Open Bug 1731142 Opened 4 years ago Updated 2 years ago

Crash in [@ style::stylist::CascadeData::add_rule_list<T>]

Tracking

()

Status:

NEW

Tracking Flags:

Tracking

Status

firefox-esr78

---

unaffected

firefox-esr91

---

unaffected

firefox92

---

unaffected

firefox93

---

wontfix

firefox94

---

wontfix

firefox95

---

wontfix

People

(Reporter: aryx, Assigned: emilio)

References

Details

(Keywords: crash)

Crash Data

Attachments

(1 file)

Bug 1731142 - Print lock address on assert. r=#style,#layout-reviewers 4 years ago Emilio Cobos Álvarez [:emilio] 48 bytes, text/x-phabricator-request		Details \| Review

Sebastian Hengst [:aryx] (needinfo me if it's about an intermittent or backout)

Reporter

Description

•

4 years ago

8 crashes from 7 different installations, all Windows

Maybe Fission related. (DOMFissionEnabled=1)

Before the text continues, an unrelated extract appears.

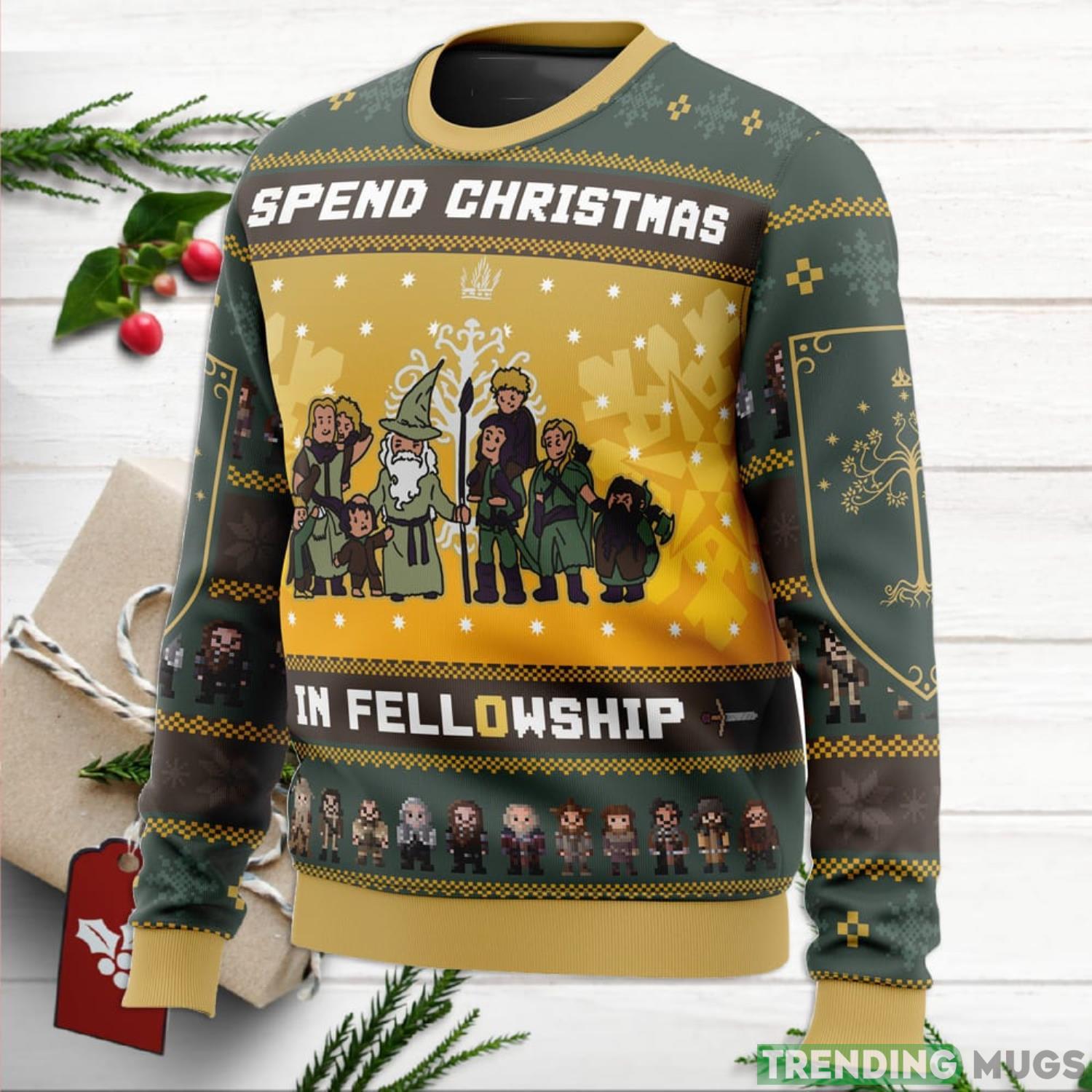 Spend Christmas in Fellowship The Lord of the Rings Ugly Christmas Sweater For Men And Women 3D Sweater Spend Christmas in Fellowship The Lord of the Rings Ugly Christmas Sweater For Men And Women 3D Sweater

Crash report: https://crash-stats.mozilla.org/report/index/fb9f038d-8903-4e13-9e70-6cd180210916

MOZ_CRASH Reason: Locked::read_with called with a guard from an unrelated SharedRwLock

Top 10 frames of crashing thread:

0 xul.dll RustMozCrash mozglue/static/rust/wrappers.cpp:17
1 xul.dll mozglue_static::panic_hook mozglue/static/rust/lib.rs:91
2 xul.dll core::ops::function::Fn::call<fn ../a178d0322ce20e33eac124758e837cbd80a6f633/library/core/src/ops/function.rs:227
3 xul.dll std::panicking::rust_panic_with_hook ../a178d0322ce20e33eac124758e837cbd80a6f633//library/std/src/panicking.rs:626
4 xul.dll std::panicking::begin_panic::{{closure}}<str> ../a178d0322ce20e33eac124758e837cbd80a6f633/library/std/src/panicking.rs:542
5 xul.dll std::sys_common::backtrace::__rust_end_short_backtrace<closure-0, !> ../a178d0322ce20e33eac124758e837cbd80a6f633/library/std/src/sys_common/backtrace.rs:141
6 xul.dll std::panicking::begin_panic<str> ../a178d0322ce20e33eac124758e837cbd80a6f633/library/std/src/panicking.rs:541
7 xul.dll style::stylist::CascadeData::add_rule_list<style::gecko::data::GeckoStyleSheet> servo/components/style/stylist.rs:2394
8 xul.dll style::stylist::CascadeData::add_stylesheet<style::gecko::data::GeckoStyleSheet> servo/components/style/stylist.rs:2453
9 xul.dll style::stylist::CascadeData::rebuild<style::gecko::data::GeckoStyleSheet> servo/components/style/stylist.rs:2042

Flags: needinfo?(emilio)

Emilio Cobos Álvarez [:emilio]

Assignee

Comment 1

•

4 years ago

I think this probably just changed signatures with those changes, so shouldn't be a regression per se... But I'll add some more diagnostic information.

Flags: needinfo?(emilio)

Emilio Cobos Álvarez [:emilio]

Assignee

Comment 2

•

4 years ago

Attached file Bug 1731142 - Print lock address on assert. r=#style,#layout-reviewers — Details

Note that the crash reason is sanitized so we're not exposing anything
sensitive.

I think my patch just changed the signature of the stack, as it didn't
change anything related to guards or what not. But without knowing why
is failing or a repro it's hard to know what's going on.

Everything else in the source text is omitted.